La proclamazione dello Stato d'assedio, generalmente causata da disordini sociali particolarmente gravi o diffusi, comporta la temporanea sospensione delle leggi di garanzia o della Costituzione di uno Stato, fino a giungere all'assunzione dei poteri civili da parte dell'autorità militare.

Regno d'Italia[modifica | modifica wikitesto]

Nel Regno d'Italia lo stato d'assedio veniva dichiarato con regio decreto su proposta del Governo.

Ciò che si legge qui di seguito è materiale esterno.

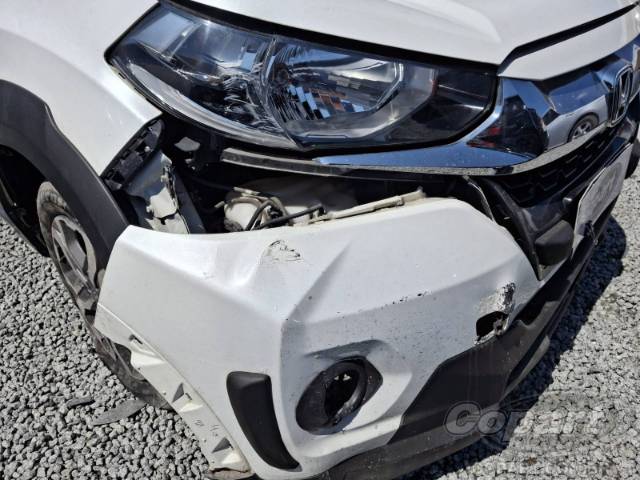 2019 HONDA WR-V 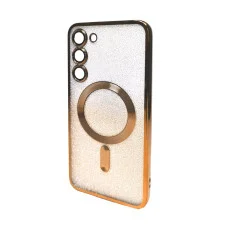Чехол для смартфона Cosmic CD Shiny Magnetic for Samsung Galaxy S24 Plus Gold (CDSHIS24PGold)
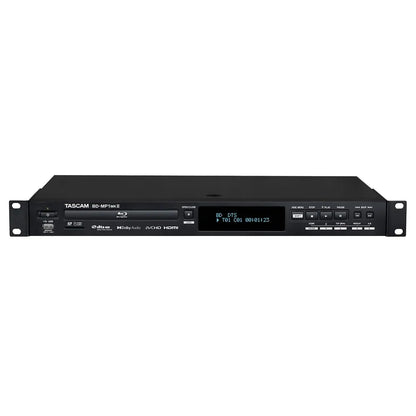 Tascam BD-MP1MK2 Professional Blu-ray Player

Benché lo Statuto albertino non prevedesse alcuna possibilità di riduzione o limitazione delle garanzie costituzionali, lo stato di assedio era ritenuto legittimo in base al potere del Re di dichiarare la guerra e di comandare le forze armate: era una sorta di dichiarazione di guerra interna che interveniva in caso di un'insurrezione civile o di una grave calamità naturale (come il terremoto di Messina del 1908).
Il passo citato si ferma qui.